Our host Martin Krause of ESEADE explained to us what a self-fulfilling pickle these price controls have gotten the government into. They impose price controls to control inflation, and then demand shoots up while supply dwindles. In response, the government cannot free prices because that would cause inflation to run rampant, which was the original purpose of the price controls. The public, meanwhile, gets used to basic commodities like beef, oil and natural gas at the cotnrolled price. An initial intervention begets more and more intervention in the name of populist good until it all eventually collapses, depressingly amidst recriminations of profiteering and price gouging.
Which brings me to IP. Government degradation of IP rights -- be it through weak copyright and patents or tolerance of widespread piracy -- affects the equilibrium of intangibly-based goods in a country just as much as price controls. If the social norm becomes that you pirate your software and pick up your DVD's from street vendors hawking outside the subway, then it follows that like price controlled oil or beef (which is much harder to move out country than IP, by the way), demand will go up and supply will dwindle.

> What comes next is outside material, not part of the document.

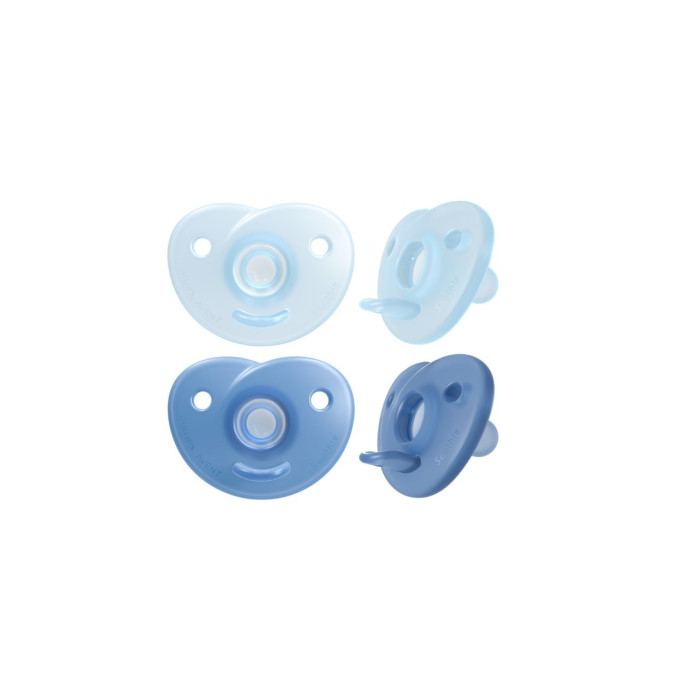 Philips Avent Soothie cumlík 0–6 mesiacov pre chlapca, sada 2 ks, silikón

How to avoid the vicious cycle of price controls? In the IP world, I can only think that countries must have native contituencies for IP rights to counter the attractive short-term, but disastrous long-term, policy of non-enforcement and piracy. For Brazil, for instance, the presence of important aircraft manufacturer Embraer, and its host of patented designs and processes, means that Brazilian hostility to patent rights must be tempered, or the country hurts itself. This is not to say that expropriation by indifference or hostility to IP is impossible even with a native creative industries, but at least copyrighted DVD's and patented software are not just creations of "el coloso del norte" that can be demagogued by economically illiterate politicians.